In the meantime our exclusively volunteer army will grow in strength unchallenged, and to keep it alive, it must always be fed with more wars here and more wars there, and all over. What could happen in the US would be a military takeover by this new military caste. This happened in Egypt when the rich and the middle class sourced out (privatized as the neo-cons love to call it) their military to the alien slave Mamluks who eventually gained all the weapons, technology and expertise, and finally seized power and ruled Egypt for several centuries under a military dictatorship.

Louie Fernandez, (by email), New Jersey, April 04, 2009

wwwwwwwwwwwwwwwwwwwwwwwwwwwwwwwwwwwww

Dear Tony:
Yes, indeed, the war on terror in Afghanistan is now Barack Obama's war. One complication is that this war has now to be pursued both in Afghanistan and Pakistan. Still another scary complication is that Pakistan has nuclear weapons, which could potentially fall into the hands of terrorists, considering that Pakistan appears to be in a "downward spiral."

George W. Bush and his band of arrogant but starry-eyed neo-cons led by Dick Cheney, Donald Rumsfeld, Richard Perle and Paul Wolfowitz made the terrible mistake of believing that decimating the al-Qaeda and their leader Osama bin-Laden would be quick, easy and cheap.

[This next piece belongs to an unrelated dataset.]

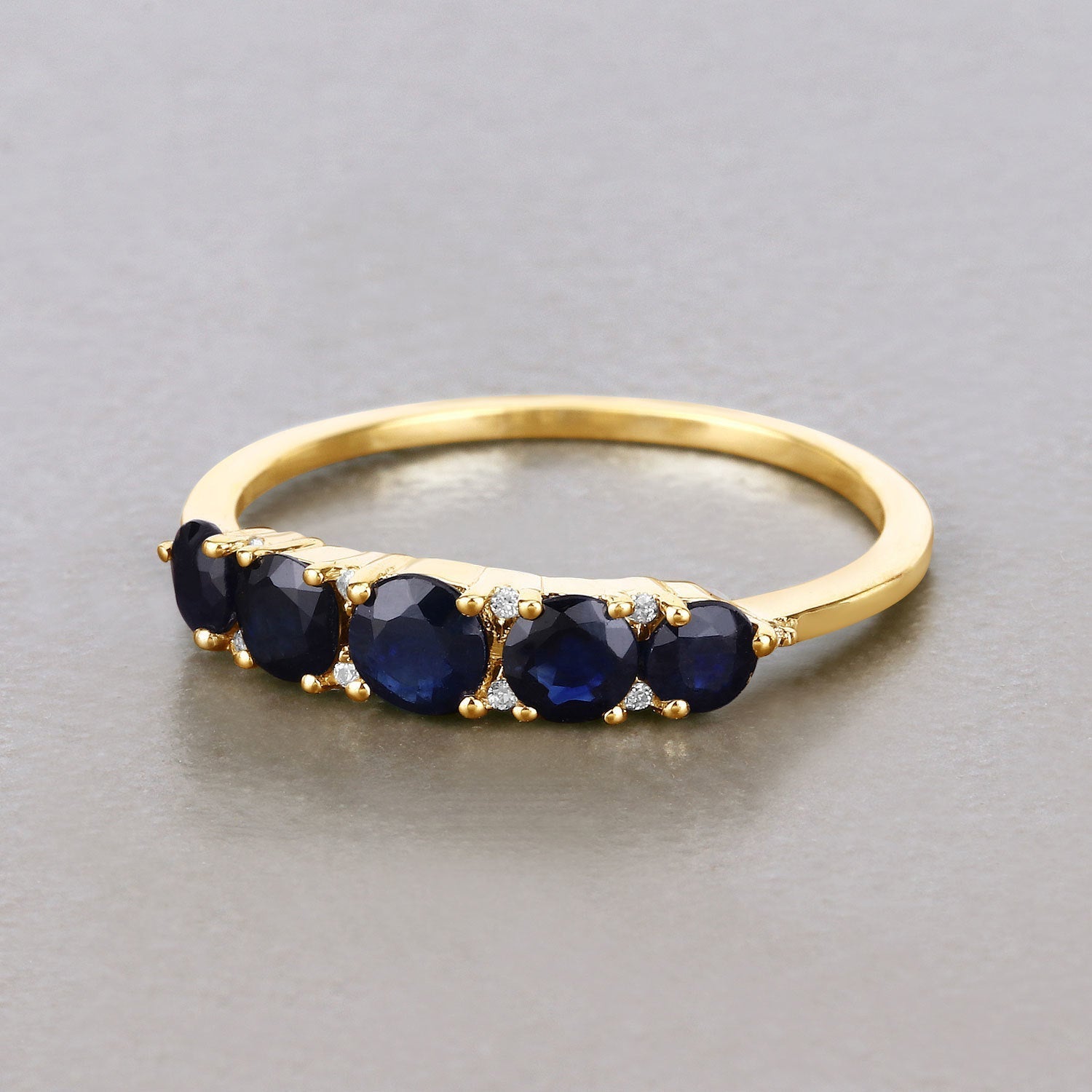1.05 Carat Genuine Blue Sapphire and White Diamond 14K Yellow Gold Ring DestGlow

Which is why they diverted U.S. military forces and resources to invading and occupying Iraq, albeit on inadequate and even "doctored" intelligence. There they made the other terrible mistake of believing likewise that the U.S. invading and occupying forces would be welcomed as "liberators," their paths strewn with flowers!

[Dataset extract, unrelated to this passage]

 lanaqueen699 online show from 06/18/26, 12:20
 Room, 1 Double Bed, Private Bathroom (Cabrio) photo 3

As it turned out, George W's "Iraq Folly" has gone on for well over seven years now. There he squandered the lives of some 4,200 U.S. troops, with another 30,000 more injured. There is no accurate count of the number of Iraqi civilians killed and injured, including women and children; the total must be in the tens of thousands. The Iraq war has cost the United States over $1 trillion in direct and indirect costs, adding quite a bundle to the U.S.'s National Debt.

Afghanistan has been rightly called "the graveyard of empires." Alexander the Great could not subdue it. Great Britain failed to conquer it. Russia invaded Afghanistan and had to suffer a humiliating defeat. Now the United States--with token help from NATO-- is trying its hand  in an asymmetrical war that could go on interminably, but probably only until that day when the American people, sick and tired of a war that is unwinnable, and after the expenditure of thousands of lives and treasure, collectively decide to just stop it.

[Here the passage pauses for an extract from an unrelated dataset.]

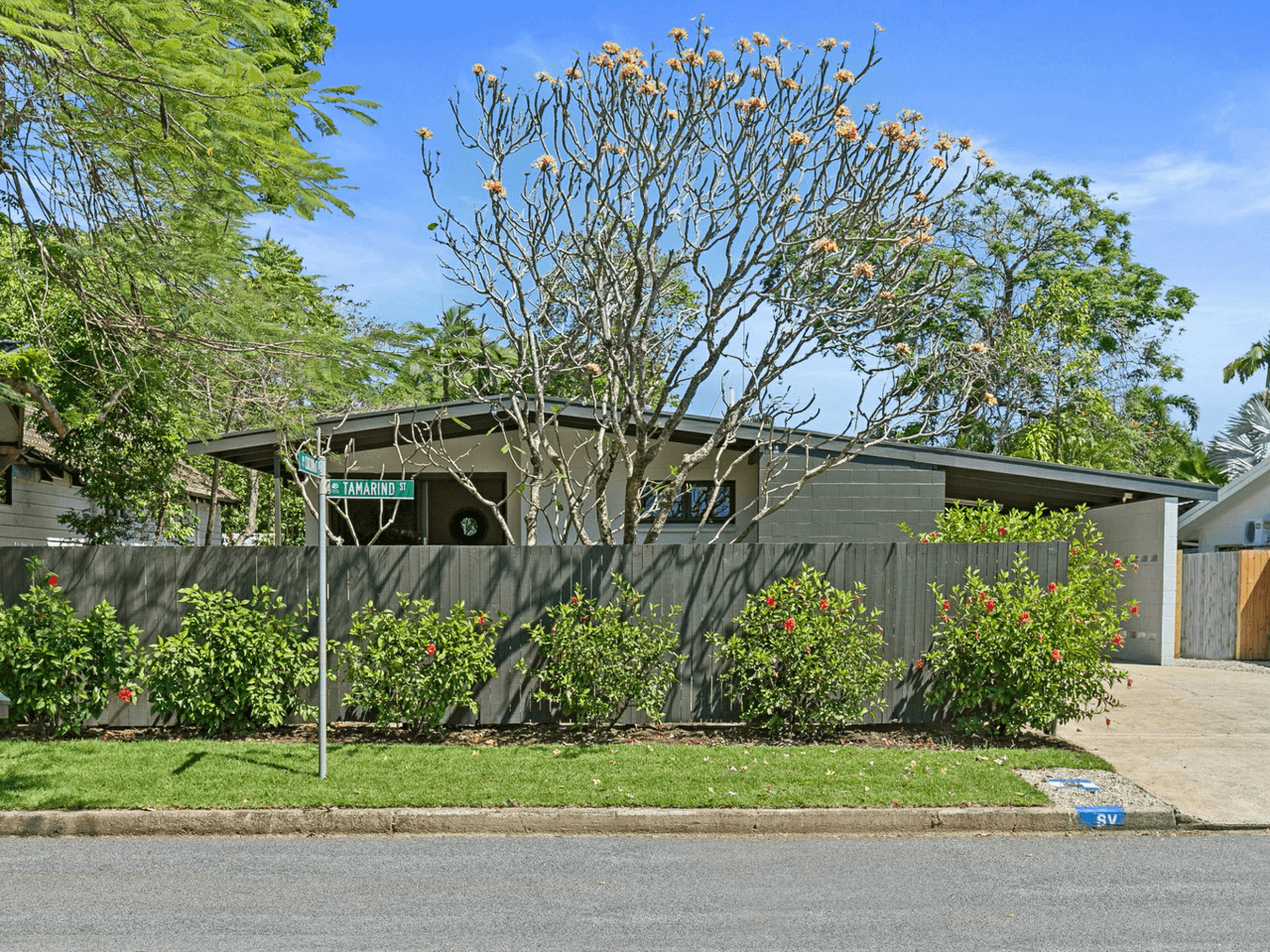 7 Tamarind Street, HOLLOWAYS BEACH, QLD 4878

Mariano Patalinjug (by email), Yonkers, NY, April 04, 2009

wwwwwwwwwwwwwwwwwwwwwwwwwwwwwwwwwwww

Dear Tony:
The specter of American ground troops becoming bogged down in the quagmire of a Vietnam-type protracted guerrilla war in Afghanistan is too gruesome and horrifying too contemplate.  There has to be solution, stressing national development, construction, rehabilitation, reconciliation, negotiation, dialogue, reparations/compensation, and a UN Peace-Keeping force.

I was deeply involved in the peace and justice movement against that imperial war in Vietnam, including Laos and Cambodia, the rest of Indochina.  This resistance also included my participation in war tax resistance through my consistent involvement in Philadelphia War Tax Resistance Organization, inspired by Henry David Thoreau, the great American literary writer and essayist, who promulgated war tax resistance as a creative non-violent method of non-violent civil disobedience against war and oppression and who published an historic essay on it. 

He was inspired by Leo Tolstoy, the great Russian literary writer.  I also dressed up as a specter of death at the local Philadelphia draft board in 1970 to protest the imperial war in Vietnam and the covert imperial wars in Laos and Cambodia. 

Now we are facing the horror of a specter of death in Afghanistan , Pakistan, Palestine, Lebanon, Israel, and Iraq.  The struggle never stops!  How many more Noam Chomskys, Ed Hermans, Judy Chomskys, Gilbert Achcars, Tony Avirgans, Martha Honeys, Richard Falks, David Dellingers, Thomas and Marjorie Melvilles, who exposed the holocaust in central America, Fathers Daniel and Philip Berrigans, Reverend David Gracies, Tran Van Dinhs, Francisco Gomes de Matoses, Evelin Lindners, and Joe Millers do we  need to put an end to this ongoing madness  war, famine, pestilence, and death - "THE FOUR GALLOPING HORSES OF THE APOCALYPSE?"     Shalom,

George Bradford Patterson II, (by email), Quezon City, April 04, 2009

wwwwwwwwwwwwwwwwwwwwwwwwwwwwwwwwwwww

Hi Tony,
I believe you. This would be another Vietnam and I do not know where Obama would get his money to maintain them. The Americans already owe the Chinese so much, that the ordinary Americans are now complaining. In fact, they have a planned demonstration on April 15, 2009 on this, organized by what they called TEA, hence a TEA rally. TEA stands for Taxed Enough Already, as the payment of this borrowed money is to be taken from the domestic taxes imposed on the Americans and their children's children in the future.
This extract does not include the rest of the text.